§ Work to be completed: Transcribe only the lines in the data below falling between the line with "Deco Boheme, Bohol, Decoration" and the line with "Traveler 85m2 Free", including those two lines, and leave out any picture.

§ Stored data:
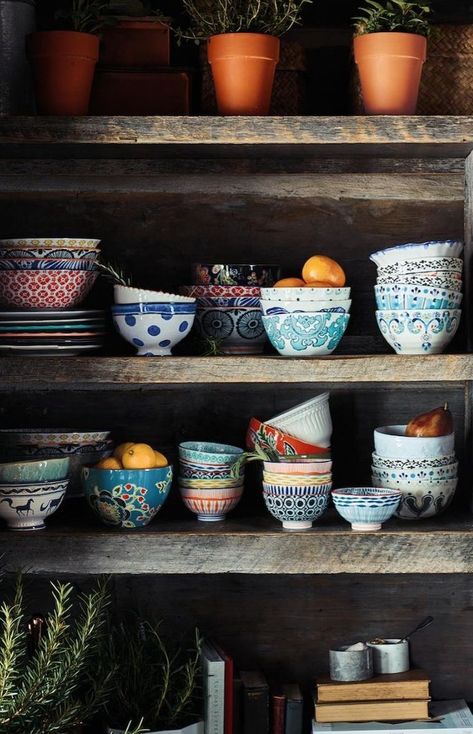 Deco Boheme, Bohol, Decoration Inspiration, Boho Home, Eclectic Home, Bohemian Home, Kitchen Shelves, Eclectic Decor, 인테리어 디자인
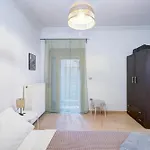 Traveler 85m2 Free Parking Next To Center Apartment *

---

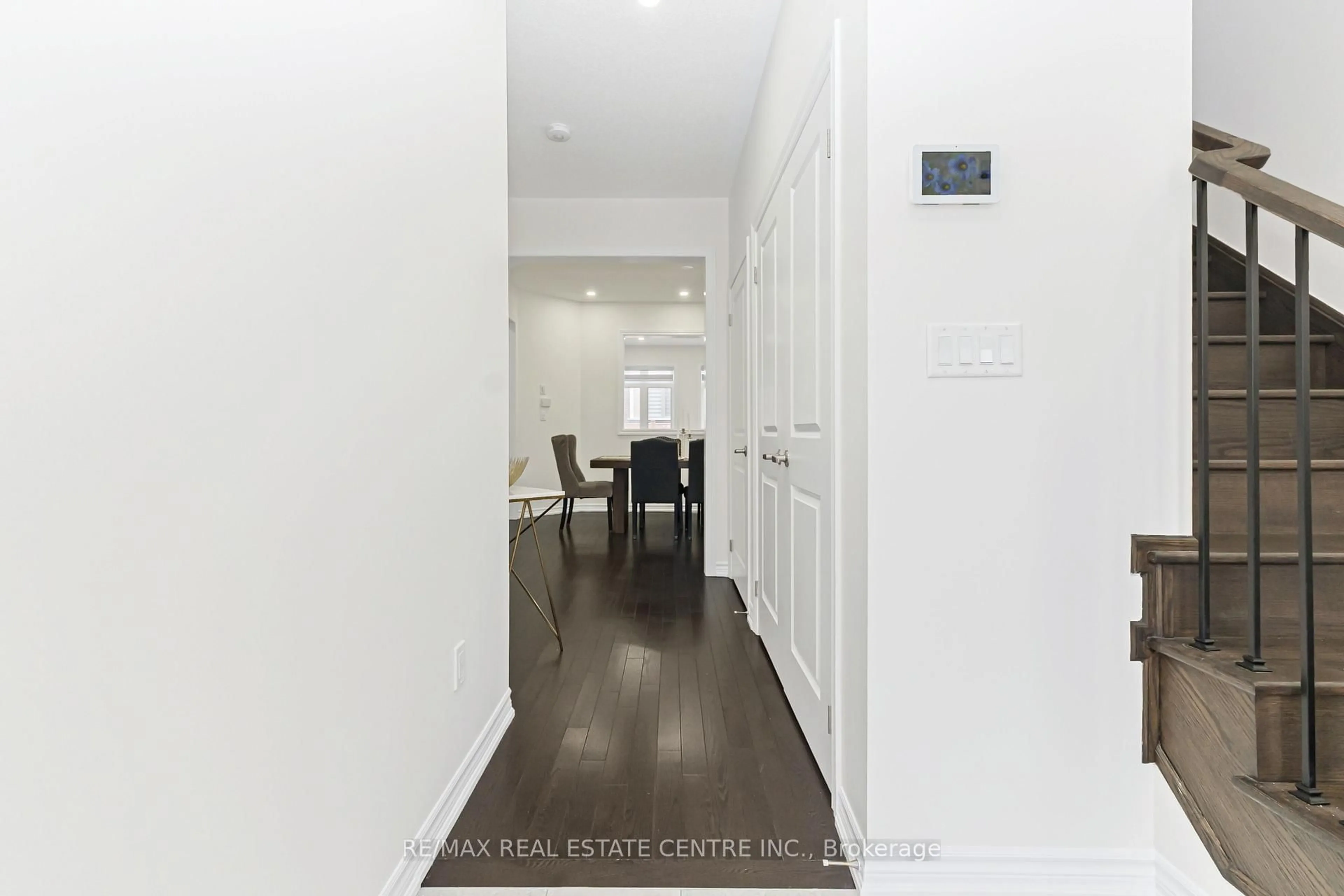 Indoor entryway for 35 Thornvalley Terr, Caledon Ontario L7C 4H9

==

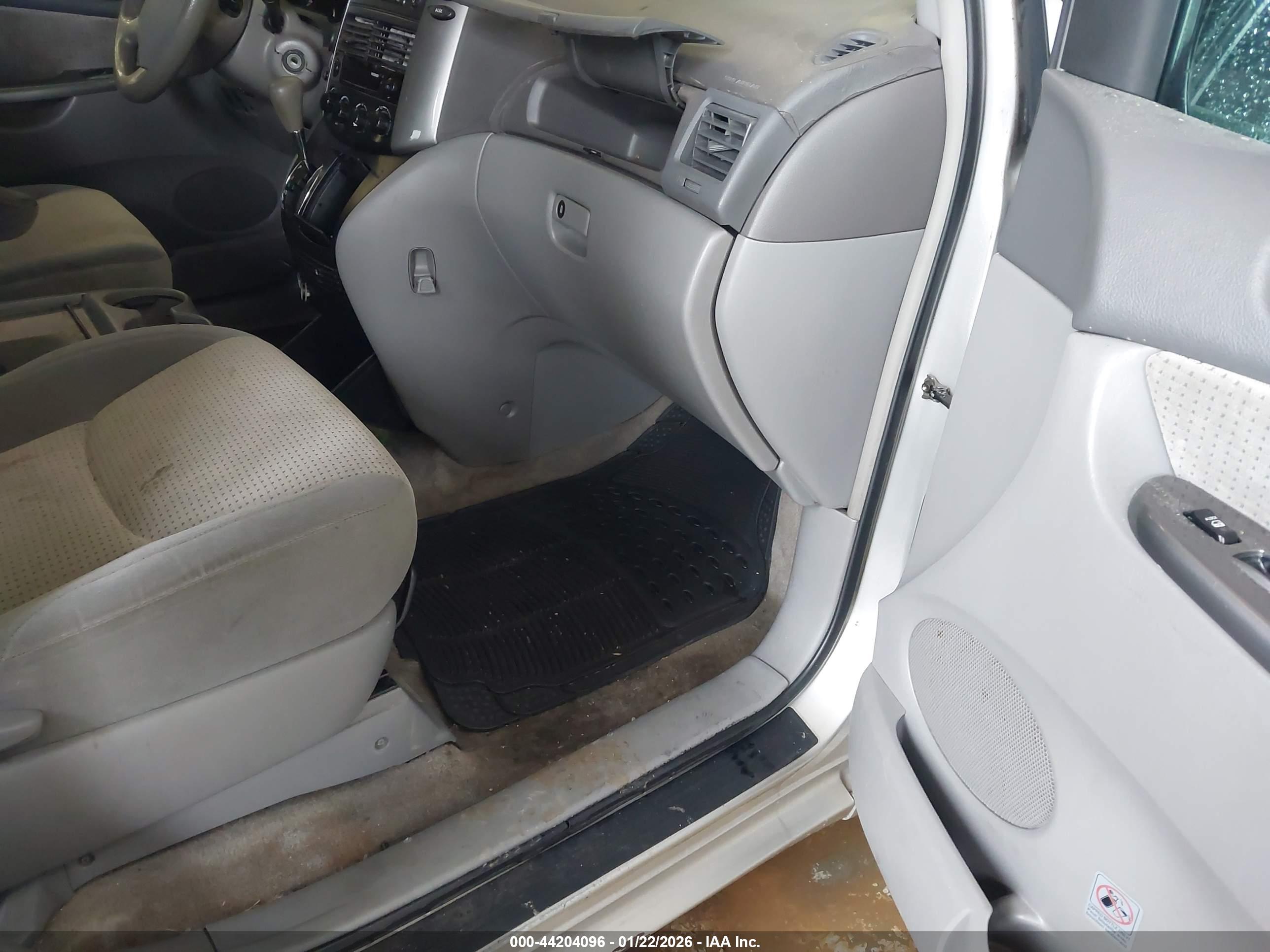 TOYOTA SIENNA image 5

§ Reply to the exercise:
 Deco Boheme, Bohol, Decoration Inspiration, Boho Home, Eclectic Home, Bohemian Home, Kitchen Shelves, Eclectic Decor, 인테리어 디자인
 Traveler 85m2 Free Parking Next To Center Apartment *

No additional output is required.